In Azure ML designer the L2 penalty did not produce same results despite using the same data and parameters. I suspected that this is because Azure ML Studio uses the FastLinearRegressor()
instead of Ridge()
from scikitlearn. So I tuned the parameters using FastLinearRegressor()

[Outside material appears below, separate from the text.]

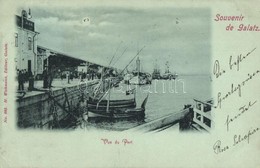 T2/T3 1899 Galati, Galatz; Port, Boats (EK) - Ohne Zuordnung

from nimbusml. The optimal L2 was 0.04 to 0.06. This showed improvement over the OLS Regression in AzureML Studio. RMSE over test set dropped from 355 to 345. Not a significant drop but if linear regresison is needed, Ridge will generalize better than Linear Regression.
My takeaways are :
 Azure ML Studio offers Ridge Regression which can provide better results over Linear Regression when features have multicollinearity
 Azure ML Studio does not offer tuning or gridsearching the L2 penalty. This has to be done either by running multiple experiments in the Studio or in external notebook.

FastLinearRegressor()
does not offer Lasso Regression directly but by adjusting thel1_threshold
parameter we can run Lasso or ElasticNet Regression. This will achieve a compromise between Lasso and Ridge. Lasso or ElasticNet are not available in the Studio.  By default
FastLinearRegressor()
normalizes the data, it's not clear from the documentation if thats the default behaviour in Studio when L2 penalty is used.  The hyperparameters tuned in sklearn do not directly work in Studio. Be sure tune them in Studio.